During the debrief at the end of the day, he shared a piece of healthcare wisdom: “Don’t just do something – stand there!” Tests and treatments often have undesirable side effects. Taking action can easily make things worse. It’s in our human nature to want to act: to make things better. However, acting isn’t enough: you need to take the right action.

I’ve heard this physicians’ adage before, but it’s been churning around in my mind ever since my clinic visit a few weeks ago.

What strikes me is the applicability of such a sentiment to healthcare IT. Far too often, substantial investments are made in healthcare IT that don’t improve patient care, and don’t save enough money to provide meaningful return on the initial investment. How do you ensure that the investment you make does both?

We need to move away from an industry culture that says taking action is better than acting carefully.

I’d like to encourage a different way of thinking about IT investments in healthcare: evidence-based healthcare IT. If it’s a good idea in medicine, why aren’t we applying the same principles to the technology that enables it?

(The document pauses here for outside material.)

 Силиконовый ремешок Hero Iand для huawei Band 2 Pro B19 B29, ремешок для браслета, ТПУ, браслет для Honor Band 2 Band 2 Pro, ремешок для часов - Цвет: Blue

A succinct definition of evidence-based medicine is the Sicily statement on evidence-based practice (http://www.biomedcentral.com/1472-6920/5/1). It lays out a five-step process that I think healthcare IT would do well to systematically follow:

1. Translation of uncertainty to an answerable question

2. Systematic retrieval of best evidence available

3. Critical appraisal of evidence for validity, clinical relevance and applicability

4. Application of results in practice

5. Evaluation of performance

Translating these steps into terms directly applicable to the IT space, I’d propose the following:

Step 1: Have specific and modest goals. Rather than a goal like “Reduce costs,” which is both vague and ambitious, set a goal like “Reduce waiting times by 10%.” The more modest and measurable the goal, the better.

Step 2: Do your research. Look at projects with similar goals (search broadly – in other institutions, jurisdictions and countries). Look at the results that they have had. Reach out and talk to the people involved. Learn as much as you can about the space you’re trying to change with your project. Also, do a deep dive into the problem you’re trying to solve in your own organization. Interview people involved day to day. Do some studies to measure the depth of the problem before you change anything, to establish a baseline.

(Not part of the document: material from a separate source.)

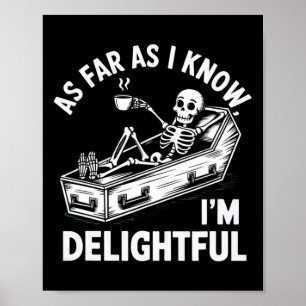 Poster Pelo que eu sei, sou um delicioso esqueleto Humor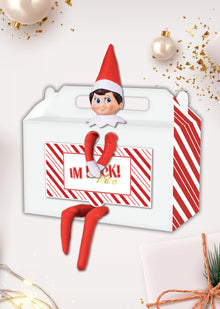  Personalised Christmas Elf on the Shelf - Party Box & Boy Elf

Step 3: Critically appraise others’ results. Just because something worked for somebody else doesn’t guarantee success for your project. Look carefully at the reasons for success. Was the technology the only change?

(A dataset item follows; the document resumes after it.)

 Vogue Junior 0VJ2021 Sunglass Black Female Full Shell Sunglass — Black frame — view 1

Step 4: Plan and execute your project mindfully. Take your project seriously and make sure that its success is the responsibility of a specific person who has the power and influence to get things done. Plan your change, and execute efficiently. Odds are your project will run over time and budget. If your project does start to go off the rails, make a conscious decision about whether to proceed. Don’t fall prey to the sunk cost fallacy (http://youarenotsosmart.com/2011/03/25/the-sunk-cost-fallacy/). Better to fail soon with a small investment and have funds to try something else than sink all your money in a project that cannot succeed. Deciding to pull the plug is harder than it sounds.

Step 5: Objectively evaluate your success. Even if you do everything right, you still may not achieve the benefits that you wanted. It’s important, particularly for large projects with big budgets, to objectively measure your success. Use the results of your pre-studies (you did do pre-studies in Step 2, right?) and see whether you exceeded your expectations, met your expectations, or did not meet your expectations. Regardless, look at things that were done well and poorly, and learn from the inevitable mistakes that you made. Ideally, freely publish your results so that other people who are at Step 2 have more data to work with.

There are many projects in this industry that follow, more or less, this strategy. These are the projects that provide real value (even if it’s just learning what not to do again!). Unfortunately, there are far too many projects that provide no value at all: these divert resources away from truly improving health care. The opportunities are huge. Let’s not squander our resources!

Health care dollars are precious, and the stakes are high. Don’t just do something – stand there!

Shawn Vincent is Vice President, R&D, at MD Practice Software LP.